# Final Project

Instructions: https://docs.google.com/document/u/1/d/1aCquhIqsUApgsxQ8-SQBAigFDcfWVVohLEXcV6jWbdI/pub?embedded=True

**Experiment**: Free Trial Screener <br />
**Hypothesis**: Reducing #frustrated students <br />
**Unit of diversion** (what is the unit for the both groups): Cookie <br />
*Note:* if the student enrolls in the free trial, they are tracked by user-id from that point forward. The same user-id cannot enroll in the free trial twice. For users that do not enroll, their user-id is not tracked in the experiment, even if they were signed in when they visited the course overview page.

## Experiment Design
### Metric Choice
May be considered as an invariant (expect similar distribution in the both groups):
<ol>
<li>**#cookies** (#unique cookies to view the course overview page, dmin=3000): a good choice if we expect even allocation into two groups, as a unit of diversion is a cookie.</li>
<li>**#user-ids** (#users who enroll in the free trial, dmin=50): not appropriate, since unregistered users also could view the page, so experimental group might be less than control group in this case.
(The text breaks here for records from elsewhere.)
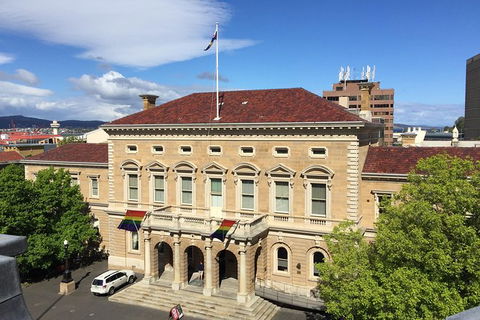 2-Hour Small-Group Walking Tour Of Hobart - Holiday Cairns 0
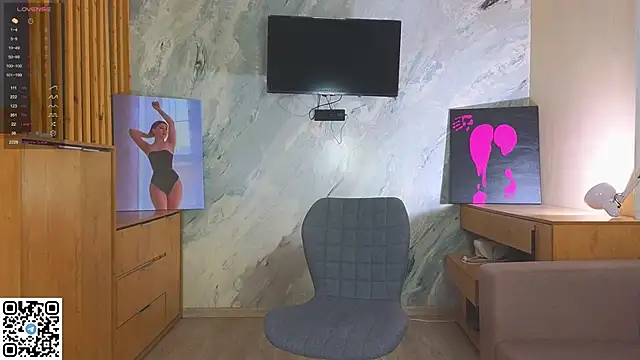 Snapshot of miss_bubbles_ chatting on November 30, 12:33 am miss bubbles online show from November 30, 12:33 am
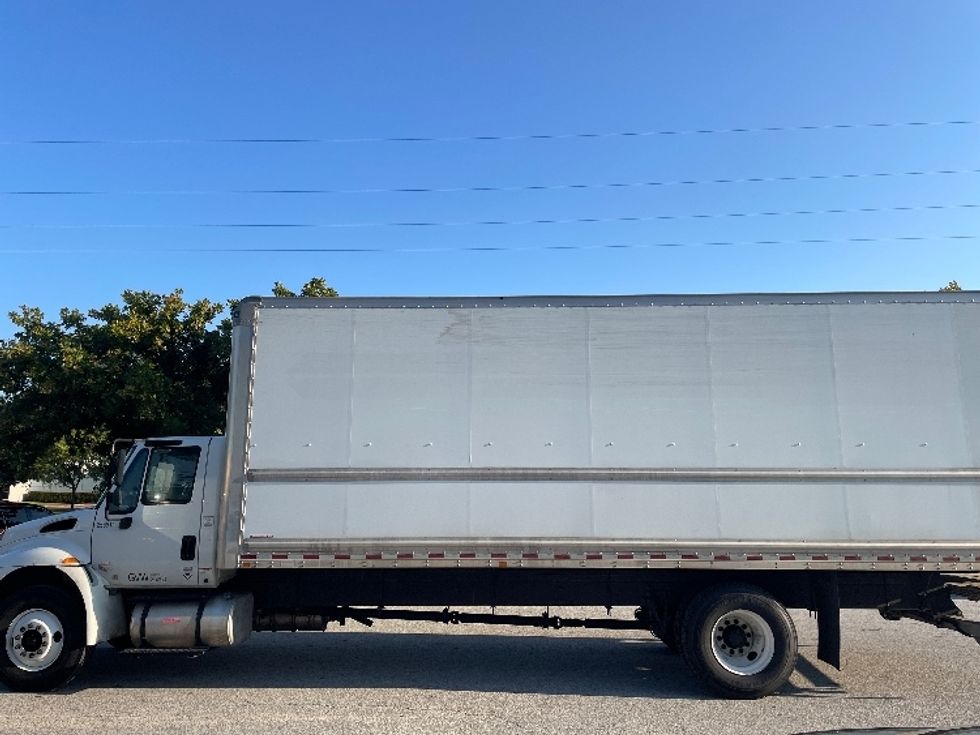 Medium Duty Box Truck-Light and Medium Duty Trucks-International-2019-4300-Katy-TX-109,397\n\t\tmiles-$ 51,750 - Image 4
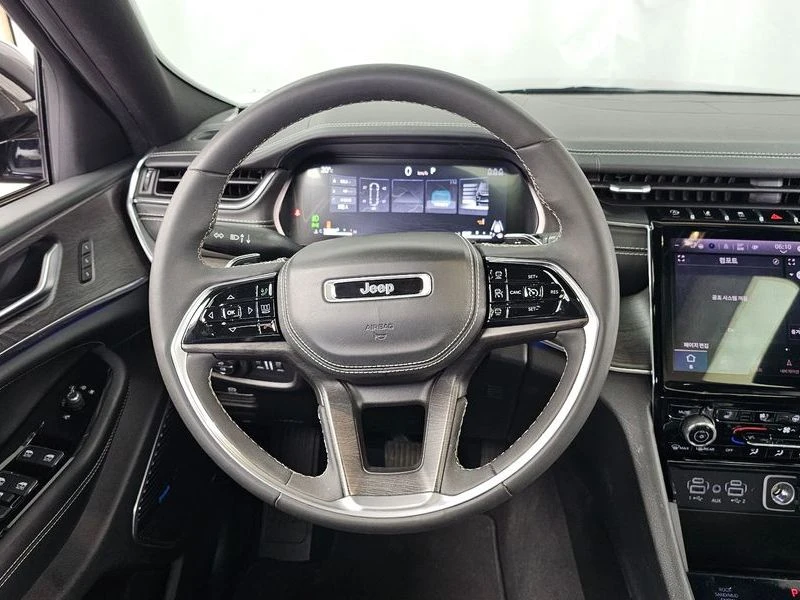 Jeep Cherokee 3.6 Overland| 295к.с.| ВКЛ.ТЕХНОТЕСТ, снимка 13 - Автомобили и джипове - 55130384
Can't be used as an evaluation, since it is not normalized.</li>
<li>**#clicks** (#unique cookies to click the "Start free trial" button which happens before the free trial screener is trigger, dmin=240): a good choice, since is independent from the experiment.</li>
<li>**Click-through-probability** (#clicks/#cookies, dmin=0.01): also is independent from the experiment and can be used in sanity checks, but if the first two metrics are chosen then this one is surplus.</li>
</ol>

May be considered as an evaluation (would like to see a significant difference):
<ol>
<li>**Gross conversion** (#user-ids to complete checkout and enroll in the free trial / #unique cookies to click the "Start free trial" button, dmin= 0.01): a good choice, as it is dependent on the experiment and is about probability to succeed (expect to be lower in the experimental group, as #users who left trial due to time lack should reduce significantly). </li>
<li>**Retention** (#user-ids to remain enrolled past the 14-day boundary and thus make at least one payment / #user-ids to complete checkout, dmin=0.01): a good choice, as it is dependent on the experiment and is about probability to succeed (expect to be higher in the experimental group to filter out less flustrating users). Based on futher analysis this metric is declined due to required experiment duration. Additionally this one is a superposition of gross and net conversions, so can be skipped in the analysis.</li>
<li>**Net conversion** (#user-ids to remain enrolled past the 14-day boundary and thus make at least one payment / #unique cookies to click the "Start free trial" button, dmin= 0.0075): a good choice, as it is dependent on the experiment and is about probability to succeed (expect to be higher in the experimental group, but not necessarily, as #users who made at least one payment should reduce insignificantly).</li>
</ol>

### Measuring Standard Deviation
#### Baseline Values
<ul>
<li>Unique cookies to view page per day:	40000</li>
<li>Unique cookies to click "Start free trial" per day:	3200</li>
<li>Enrollments per day:	660</li>
<li>Click-through-probability on "Start free trial":	0.08</li>
<li>Probability of enrolling, given click:	0.20625</li>
<li>Probability of payment, given enroll:	0.53</li>
<li>Probability of payment, given click:	0.1093125</li>
</ul>

How many units of analysis will correspond to 5000 pageviews for each evaluation metric?

In [1]:
from math import sqrt
def standart_deviation(p,n): # for Bernoulli distribution with probability p and population n
    return round(sqrt(p*(1-p)/n),4)

number_of_pageviews = 5000
number_of_cookies = 40000

number_of_clicks = number_of_pageviews*0.08
number_of_enrollment = number_of_pageviews*0.08*0.20625

The standard deviation of each of the evaluation metrics:

In [2]:
std_gross_conversion = standart_deviation(0.20625,number_of_clicks)
std_retention = standart_deviation(0.53,number_of_enrollment)
std_net_conversion = standart_deviation(0.1093125,number_of_clicks)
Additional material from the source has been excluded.